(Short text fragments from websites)
━━━━━━━━━━━━━━━━━━━━

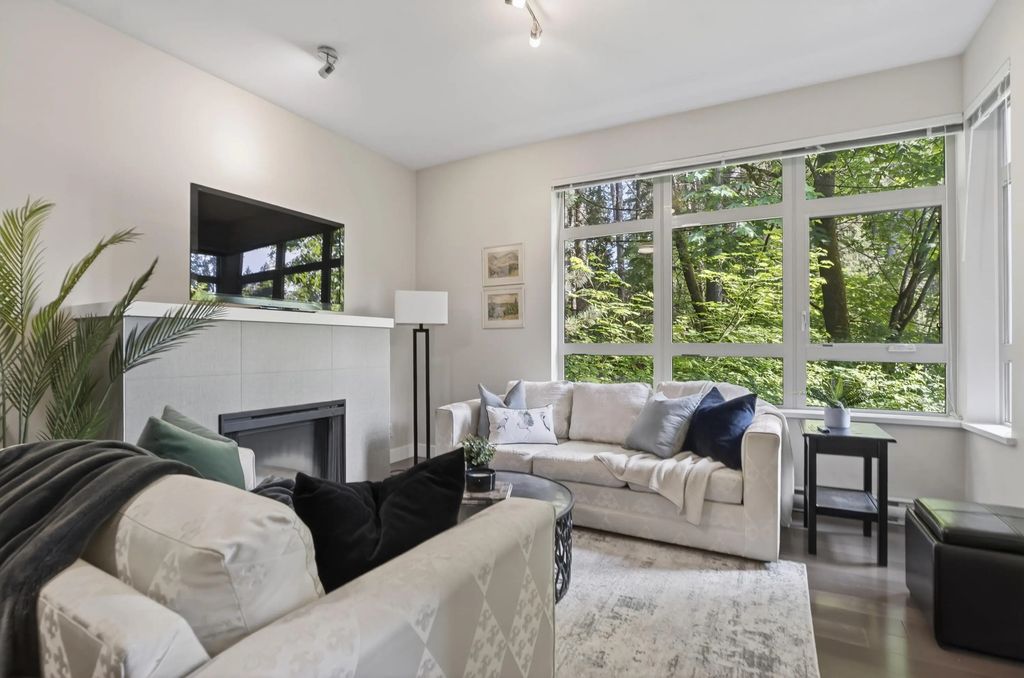 3294 Mt Seymour Parkway 202, North Vancouver
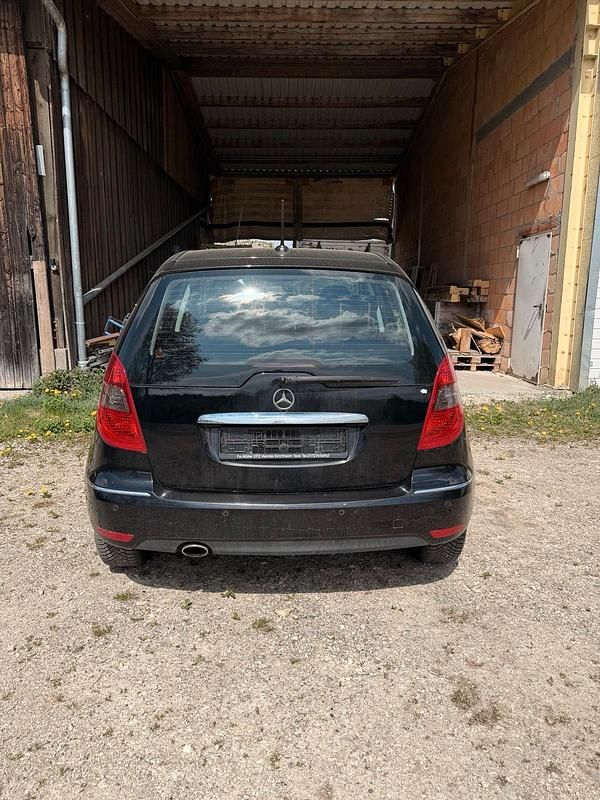 Gebraucht Mercedes A160 95 PS (69 kW) 2012 Schwarz Limousine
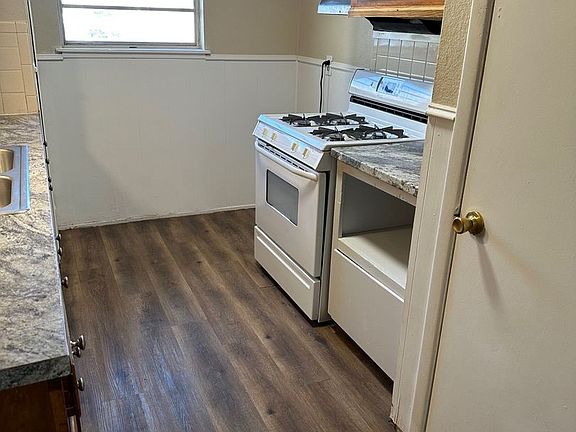 2nd image of 1006 Tudor Dr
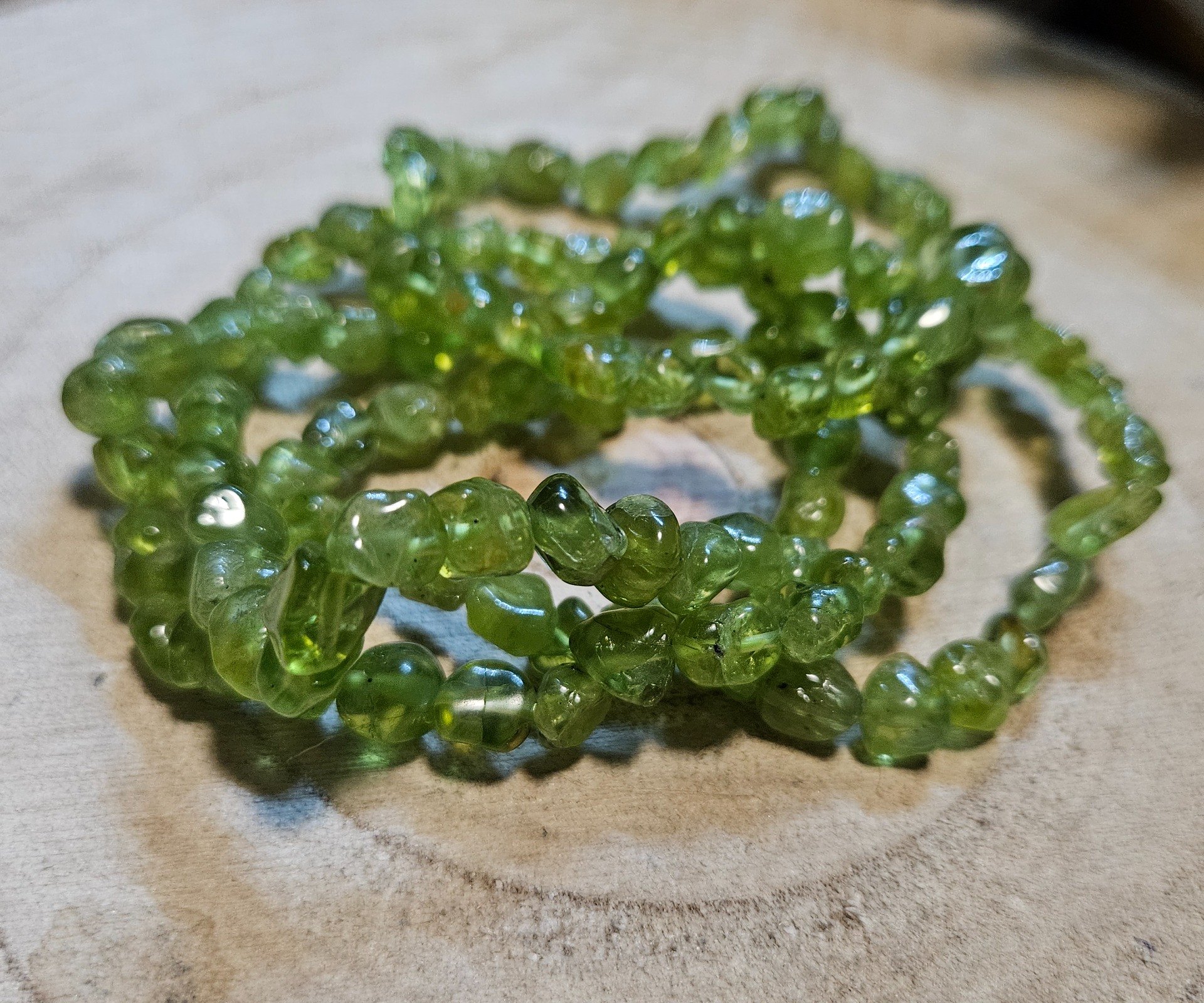 Imperial Forest Dew – Lesná rosa (Náramok z peridotu – nugget cca 5 mm)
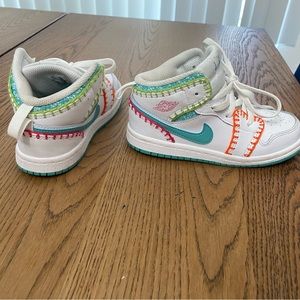 Boys air Jordan’s nike shoes 10C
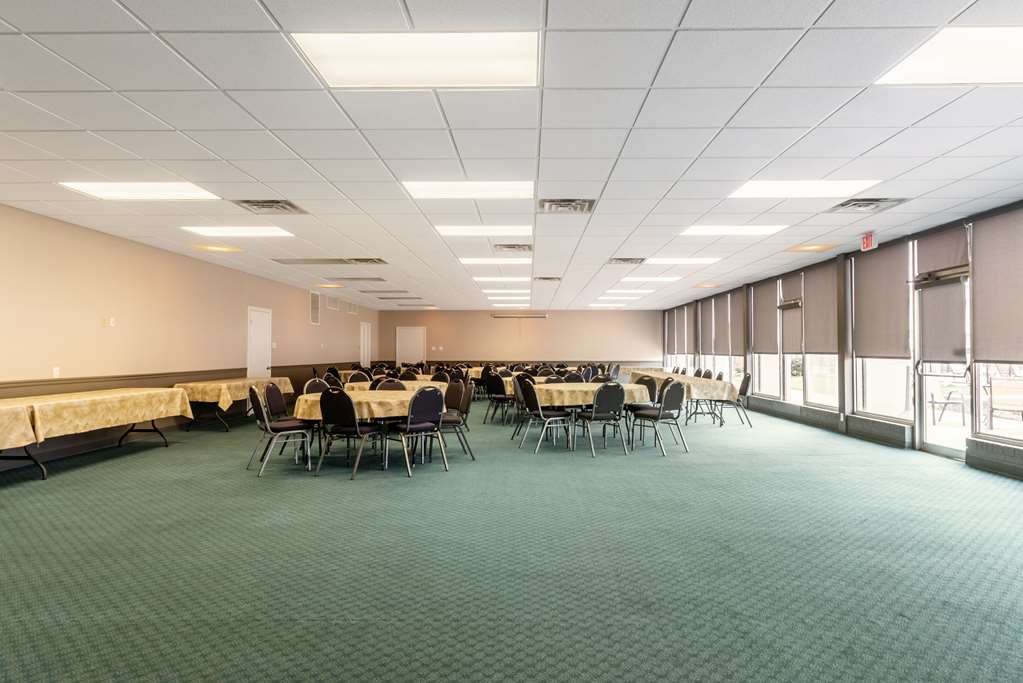 Quality Inn & Suites Vandalia near I 70 and Hwy 51 - photo 41
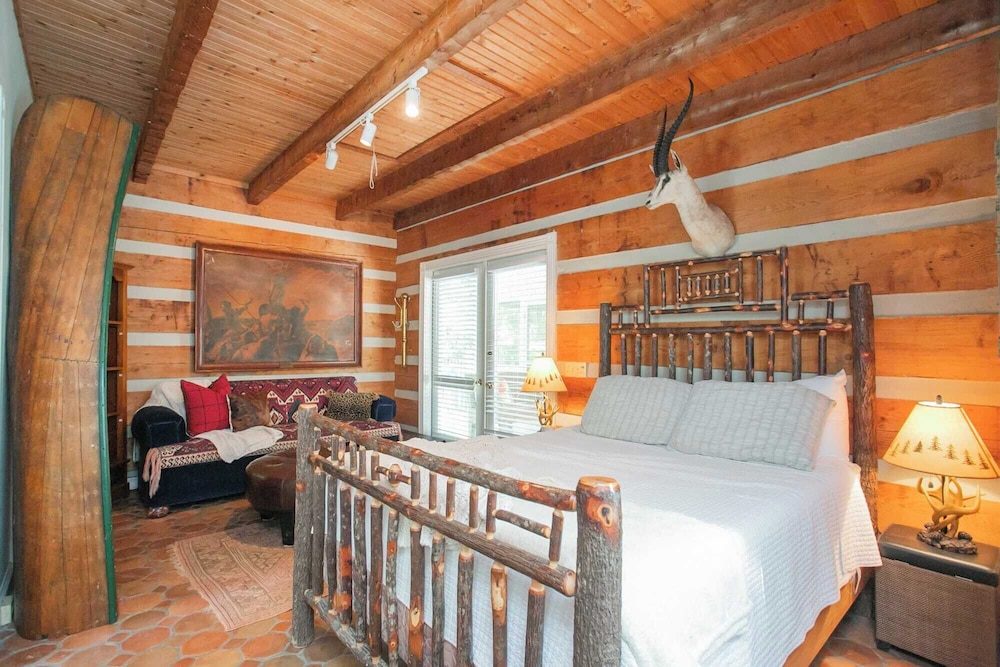 35 Acre Villa w/ Pool, Spa, Wine Cellar & Gym + Near Golf Club La Pearla Ranch by Avantstay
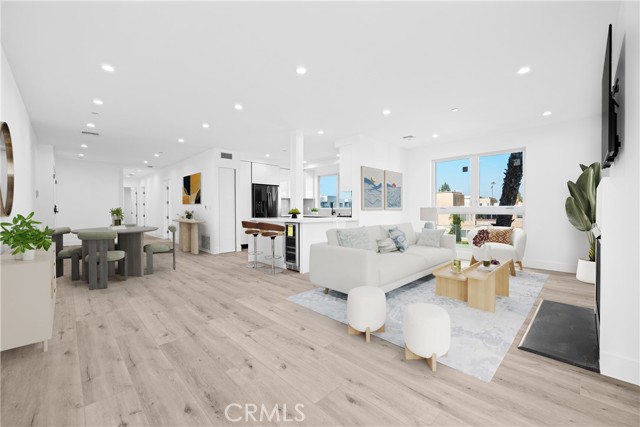 Detail Gallery Image 3 of 19 For 4214 Fulton Ave #302,  Studio City,  CA 91604 - 3 Beds | 2 Baths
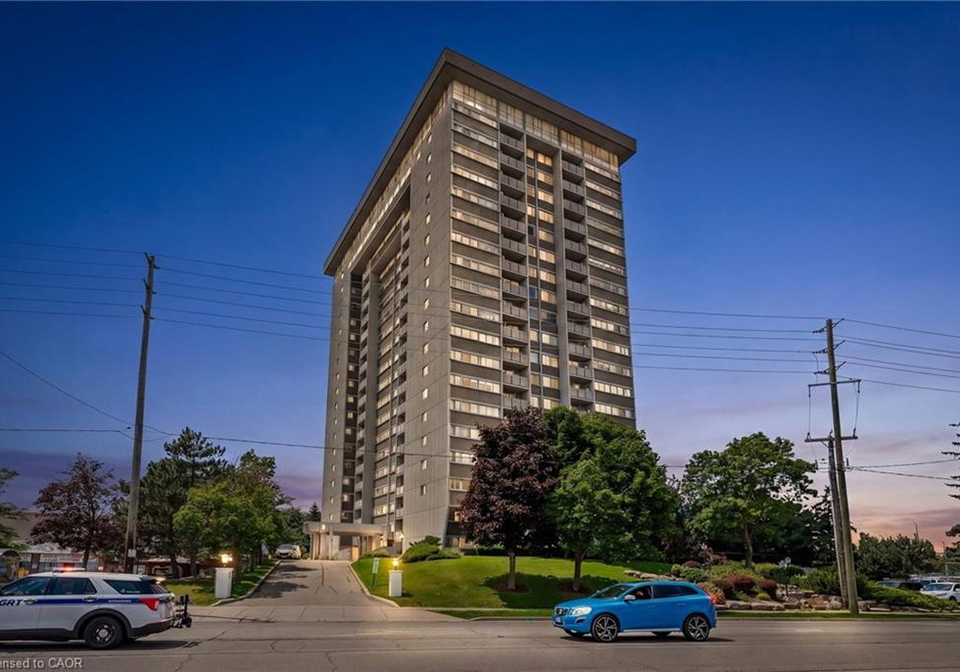 375-king-street-n-waterloo-ontario-40826062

━━━━━━━━━━━━━━━━━━━━

Copy the lines exactly as they appear from the opening of the entries above through the line with "35 Acre Villa", excluding all pictures.

 3294 Mt Seymour Parkway 202, North Vancouver
 Gebraucht Mercedes A160 95 PS (69 kW) 2012 Schwarz Limousine
 2nd image of 1006 Tudor Dr
 Imperial Forest Dew – Lesná rosa (Náramok z peridotu – nugget cca 5 mm)
 Boys air Jordan’s nike shoes 10C
 Quality Inn & Suites Vandalia near I 70 and Hwy 51 - photo 41
 35 Acre Villa w/ Pool, Spa, Wine Cellar & Gym + Near Golf Club La Pearla Ranch by Avantstay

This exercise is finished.